Um outro maluco alto chega e fica amigo também na nova amiga, que se
apresenta como sobrinha do Angeli. Ela exclama que finalmente achou
alguém legal na noite – meus amigos ficam com cara de bunda, eu
rio, até pareço ser o mais bêbado do grupo, justo eu, o único que
lembra o nome de todos (mais: que lembra o nome de alguém). Para comemorar sua chegada, canta a mesma
música que cantou logo que puxou papo conosco – e que havia
cantado antes quando pediu o cigarro pra um rapaz na frente do
inferninho do Garcia, a quem também havia abraçado e dado um beijo
na bochecha. Ele se afasta, acho que vai ao banheiro, e nisso o amigo
lindo volta a tentar algo – ainda mais depois d'ela ter dito ao cara
legal que ele era lindo. O amigo do Garcia consegue um beijo da moça
com quem conversava, mas depois me confessa: “putz, me confundi,
não era d'ela que eu estava a fim”. Coisas de quem já está
consideravelmente alto. Eu só observo e dou risada – já havia
dado umas duas ou três vaciladas e resolvo que não preciso acabar
com minha auto-estima toda na mesma noite. Também penso nesta
crônica (que achava que ficaria bem mais interessante). Na rua, um
homem noiado quebra a porta do estacionamento e chama todo mundo pra
briga. A polícia aparece meia hora depois. Já de saída, terminando
a conversa com a nossa nova amiga – se é que havia alguma conversa
pra terminar, se é que havia alguma conversa – um homem um pouco
bêbado vem fazer propaganda de um inferninho que há logo acima. O
bar começa a fechar. O amigo lindo – que pouco antes tinha ido me perguntar o nome da nossa nova amiga – consegue uns beijos dela, o amigo do Garcia tenta descolar o quarto do Gyorgy – que
não estava dormindo em casa – para o casal. Sem cerimônias, corto
o barato: “esquece, nem é minha cama”. O cara legal já está em
outra roda, tentando agitar gente para acompanhá-lo a outro bar.

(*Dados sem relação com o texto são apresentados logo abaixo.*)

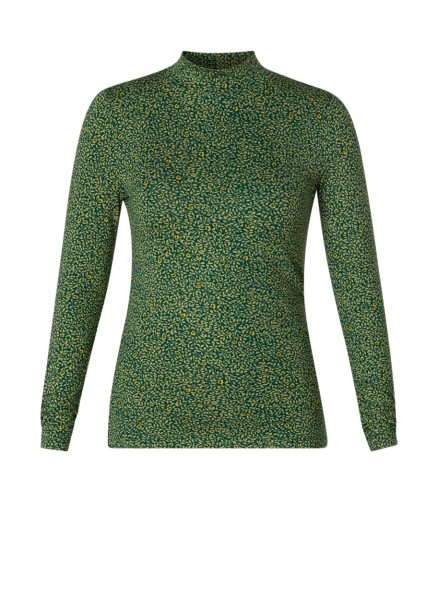 002077-2028-DeepTealMultiColo-floating-32490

Cinco da manhã. Repasso a noite: janta rápida, Delueze,
Wander Wildner, PM, cerveja Duff, propaganda de inferninhos, conversas non sense: para um neófito na
noite paulistana, até então acostumado com festinhas e barzinhos
universitários bundas, é interessante. Concluo que meu plano
original falhou totalmente – mas me diverti. A la Murakami – para compensar que não fiquei matutando no livro –, até penso que pode haver alguma ligação entre passar a encontrar outras pessoas mais de uma vez na Augusta e não ter mais encontrado Camila, a moreninha da balada, depois disso. Decido que é hora de
voltar pra casa e dormir. Combino com meus amigos uma próxima
trombada pela Augusta – sem golpe nos rins, de preferência.
São Paulo, 25 de julho de 2012.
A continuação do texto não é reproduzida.